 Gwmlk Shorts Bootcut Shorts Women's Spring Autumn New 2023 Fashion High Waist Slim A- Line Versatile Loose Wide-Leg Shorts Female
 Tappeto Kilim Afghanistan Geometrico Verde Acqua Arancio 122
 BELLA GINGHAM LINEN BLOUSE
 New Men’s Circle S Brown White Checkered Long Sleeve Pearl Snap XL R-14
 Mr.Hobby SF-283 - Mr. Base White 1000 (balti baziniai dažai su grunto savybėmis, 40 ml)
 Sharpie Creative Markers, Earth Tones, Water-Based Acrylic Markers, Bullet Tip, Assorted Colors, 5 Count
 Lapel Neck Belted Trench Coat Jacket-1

^^^^^^^^^^^^^^^^

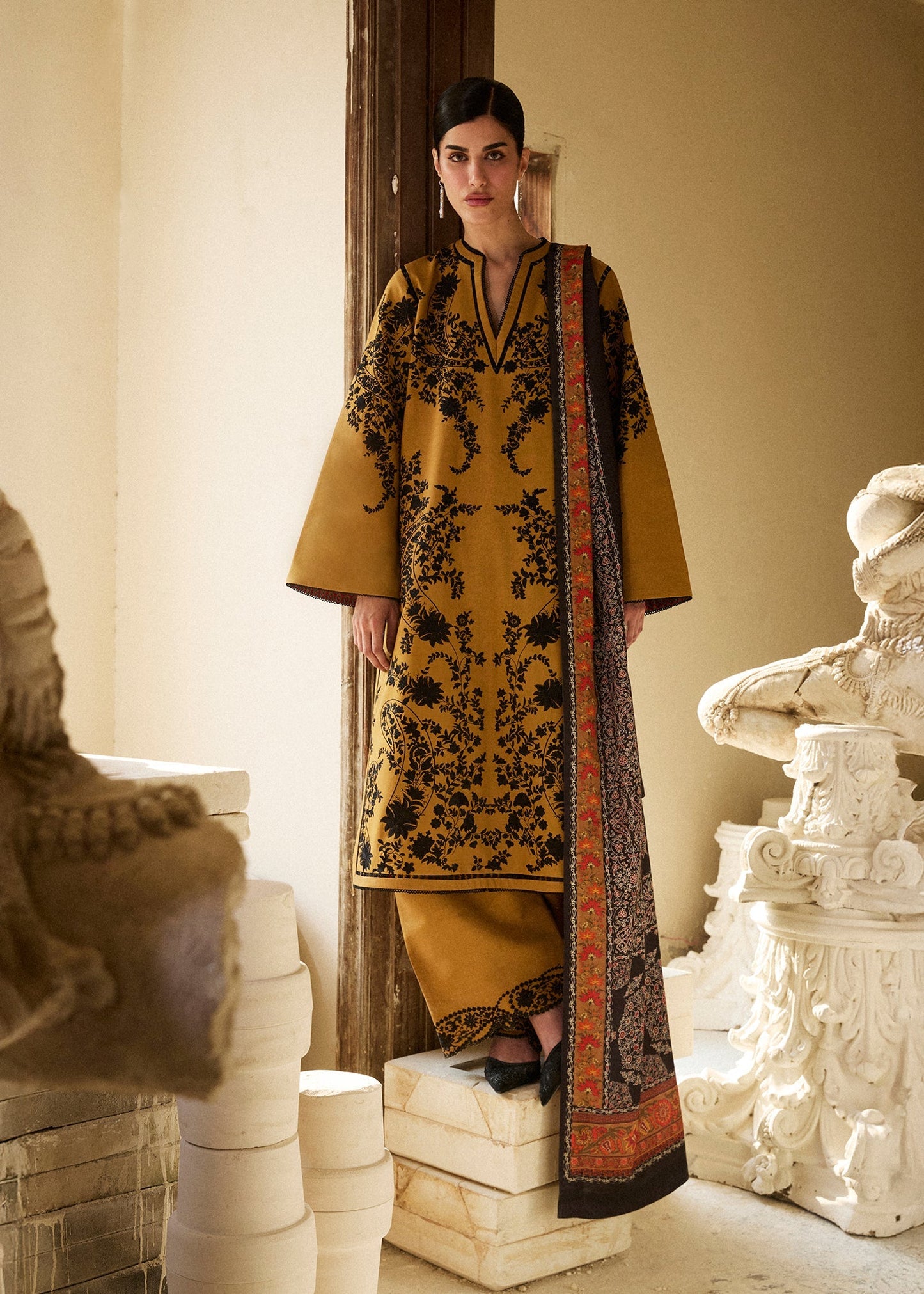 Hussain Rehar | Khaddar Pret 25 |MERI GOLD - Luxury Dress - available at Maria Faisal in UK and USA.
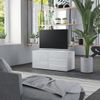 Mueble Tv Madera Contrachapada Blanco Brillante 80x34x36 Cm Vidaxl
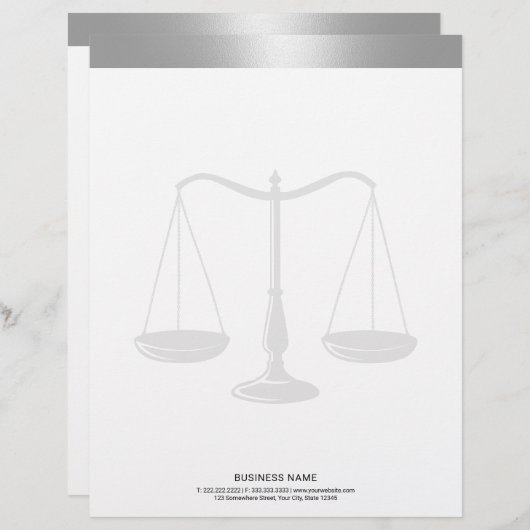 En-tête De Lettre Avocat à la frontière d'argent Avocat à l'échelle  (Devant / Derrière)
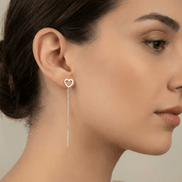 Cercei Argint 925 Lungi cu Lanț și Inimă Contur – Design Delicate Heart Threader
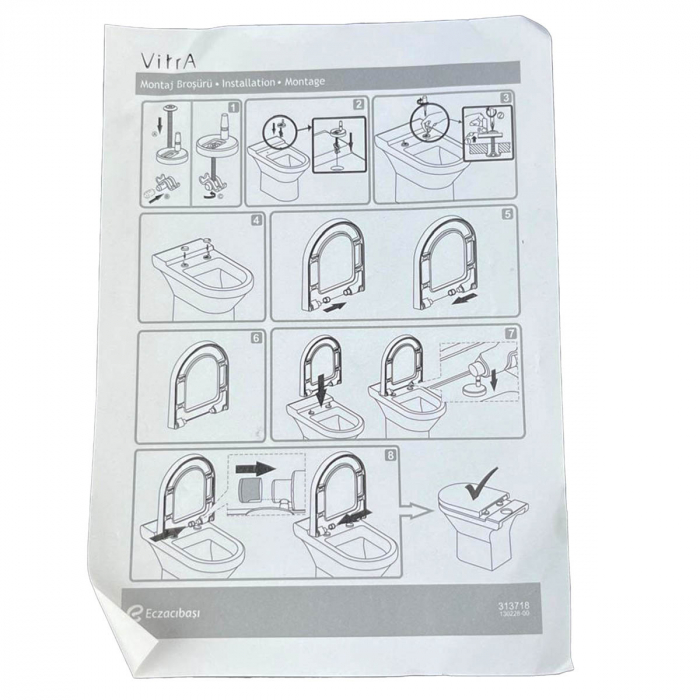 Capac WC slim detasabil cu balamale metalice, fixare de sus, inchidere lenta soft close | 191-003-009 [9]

^^^^^^^^^^^^^^^^

WHAT THE TASK REQUIRES:
The required output is the stretch of entries above from the line containing "Mr.Hobby SF-283 - Mr." through the line containing "Lapel Neck Belted Trench Coat Jacket-1", reproduced exactly.

EXERCISE SOLUTION:
 Mr.Hobby SF-283 - Mr. Base White 1000 (balti baziniai dažai su grunto savybėmis, 40 ml)
 Sharpie Creative Markers, Earth Tones, Water-Based Acrylic Markers, Bullet Tip, Assorted Colors, 5 Count
 Lapel Neck Belted Trench Coat Jacket-1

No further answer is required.